5. Per an unsworn declaration under penalty of perjury executed by the Debtor's counsel, the only parties served with the motion at bar were the Office of the United States Trustee and the interim trustee of the Debtor's Chapter 7 estate. Service was effected via a mailing made on November 14, 2005.[1]
1. 11 U.S.C. § 362(a) provides that a voluntary petition in bankruptcy "operates as a stay, applicable to all entities," of a number of described acts to enforce creditors' rights against the debtor, the debtor's *657 property, and the property of the bankruptcy estate. Among those stayed are "any act to create, perfect, or enforce against property of the debtor any lien to the extent that such lien secures a claim that arose before the commencement of the [bankruptcy] case," § 362(a)(5), and "any act to collect, assess, or recover a claim against the debtor that arose before the commencement of the [bankruptcy] case," § 362(a)(6).
2. Before the effective date of the Act, the stay under § 362(a) in a Chapter 7 case continued as to property of the debtor and claims against the debtor until the court granted relief from stay under 11 U.S.C. § 362(d), or until the earliest date among the time the case was closed, the time the case was dismissed, or the date on which a discharge in bankruptcy was granted or denied to the debtor, 11 U.S.C. §§ 362(c)(2)(A) (C).
3. However, 11 U.S.C. § 362(c)(3), enacted by the Act and effective for all bankruptcy filings made on or after October 17, 2005,[2] changes this legal structure in a Chapter 7 case where "a single or joint case of the debtor was pending within the preceding 1-year period but was dismissed . . . "[3]
4. In such a case "the stay under [11 U.S.C. § 362](a) with respect to any action taken with respect to a debt or property securing such debt . . . shall terminate with respect to the debtor on the 30th day after the filing of the later case . . ." 11 U.S.C. § 362(c)(3)(A).
5. The court may extend this limited-duration stay "on the motion of a party in interest . . . and upon notice and a hearing . . ." 11 U.S.C. § 362(c)(3)(B).[4]

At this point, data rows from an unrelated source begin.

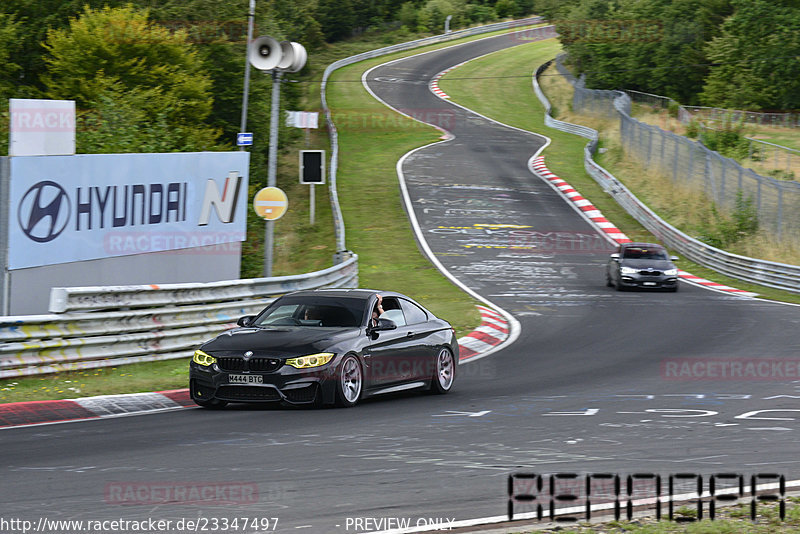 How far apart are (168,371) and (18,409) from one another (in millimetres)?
3547

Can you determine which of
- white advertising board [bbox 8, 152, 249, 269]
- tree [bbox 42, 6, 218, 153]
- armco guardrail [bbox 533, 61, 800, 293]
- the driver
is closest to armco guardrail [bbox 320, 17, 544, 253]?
tree [bbox 42, 6, 218, 153]

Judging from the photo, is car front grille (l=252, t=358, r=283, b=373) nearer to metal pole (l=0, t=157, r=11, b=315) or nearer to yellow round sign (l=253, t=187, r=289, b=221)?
metal pole (l=0, t=157, r=11, b=315)

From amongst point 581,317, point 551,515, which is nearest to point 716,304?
point 581,317

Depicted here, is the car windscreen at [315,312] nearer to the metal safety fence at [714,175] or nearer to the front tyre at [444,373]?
the front tyre at [444,373]

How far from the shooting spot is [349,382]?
12.6 m

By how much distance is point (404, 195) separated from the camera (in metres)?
47.4

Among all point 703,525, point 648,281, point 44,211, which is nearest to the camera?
point 703,525

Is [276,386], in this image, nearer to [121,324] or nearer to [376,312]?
[376,312]

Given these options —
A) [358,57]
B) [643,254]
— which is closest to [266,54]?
[643,254]

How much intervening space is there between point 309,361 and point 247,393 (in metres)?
0.75

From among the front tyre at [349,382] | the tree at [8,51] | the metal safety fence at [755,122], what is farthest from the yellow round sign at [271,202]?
the metal safety fence at [755,122]

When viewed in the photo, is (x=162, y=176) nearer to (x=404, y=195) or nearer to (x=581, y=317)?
(x=581, y=317)

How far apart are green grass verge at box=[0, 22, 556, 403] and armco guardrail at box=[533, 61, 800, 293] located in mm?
9189

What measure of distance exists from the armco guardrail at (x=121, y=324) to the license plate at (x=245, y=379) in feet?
10.3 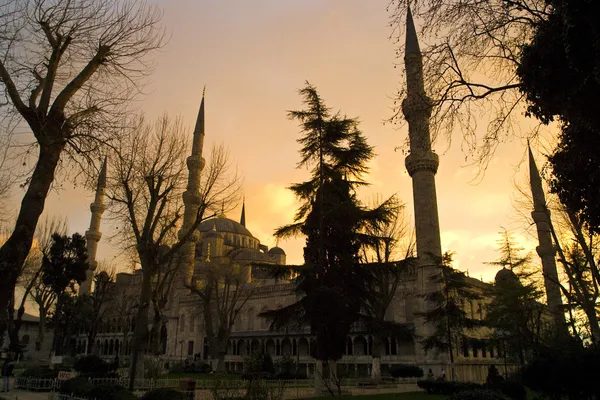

6. In bankruptcy cases, "`after notice and a hearing . . . means after such notice as is appropriate in the particular circumstances, and such opportunity for a hearing as is appropriate in the particular circumstances . . ." 11 U.S.C. § 102(1).
1. Via her motion, the Debtor seeks to have a creditor or creditors bound by a continuing restraint against acts they may take against her, against property of the bankruptcy estate, or possibly against property of the Debtor.
2. Individual creditors are the intended and actual beneficiaries of the limitation on the duration of the automatic stay in a case that is subject to § 362(c)(3)(A).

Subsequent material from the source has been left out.